No Winning Bid: NCUA to Shut Down U.S. Central Bridge
Said NCUA in a statement, “NCUA has determined that the most effective course of action is to pursue an orderly wind-down of those services from U.S. Central Bridge.”
Added NCUA Board Chairman Debbie Matz in the statement: “The proposals we received from other bidders did not meet NCUA’s responsibility to minimize service disruptions and impose the lowest possible cost.”
The regulator stressed: “Each corporate credit union, if it has not already done so, now needs to begin the process of transferring to a vendor that will replace U.S. Central Bridge’s APEX system in order to continue uninterrupted payment services to member credit unions.”
Earlier it had been rumored that Fiserv Inc. and Lending Tools were actively bidding for the U.S. Central payments lines of business.
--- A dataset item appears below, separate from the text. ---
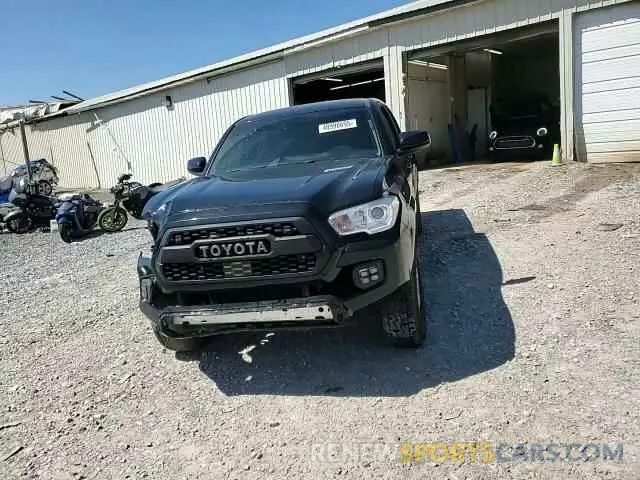 14 fotografías del automóvil dañado 3TMCZ5AN5MM391367 TOYOTA TACOMA 2021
Neither company confirmed their interest to this publication.
Recently, Lending Tools had disclosed it was aggressively pursuing “binding agreements” with a “significant” number of corporate credit unions. Observers interpreted that as an indication that the Wichita, Kan.-based payments company was no longer pursuing its bid for US Central.
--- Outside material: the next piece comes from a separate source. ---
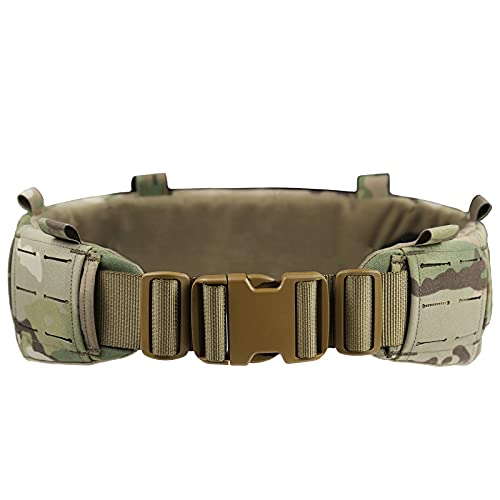 DAN DISCOUNTS U.T.A Taktischer Gürtel, Militär Arbeitsgürte, Unisex Gürtel taktisch mit Schnellspanner Schnalle, Armee Security Warrior Belt für Draussen Sportarten Camping Cover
Impacts of NCUA’s decision to “wind down” these portions of U.S. Central may be sizable on some corporates that had made heavy use of U.S. Central.
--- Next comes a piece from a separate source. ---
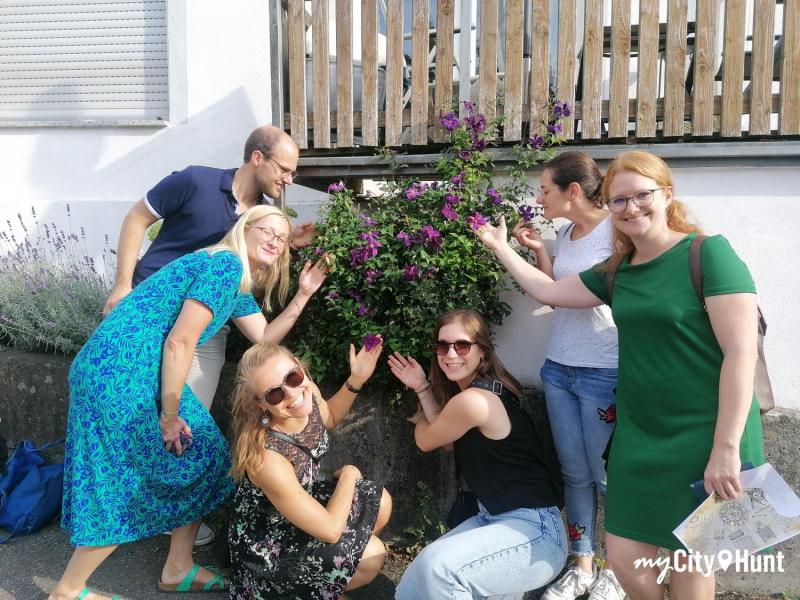 myCityHunt Gymkana 10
Those same corporates had, earlier this year, tried but failed to form a new entity to take over the U.S. Central payments business.
In making its announcement regarding U.S. Central, the regulator did not provide a timeline. Earlier this year, however, it had promised “uninterrupted service” from the bridge.
On Dec. 15, the agency said it had awarded U.S. Central's online and mobile bill pay business - Corporate Network eCom - to CO-OP Financial Services.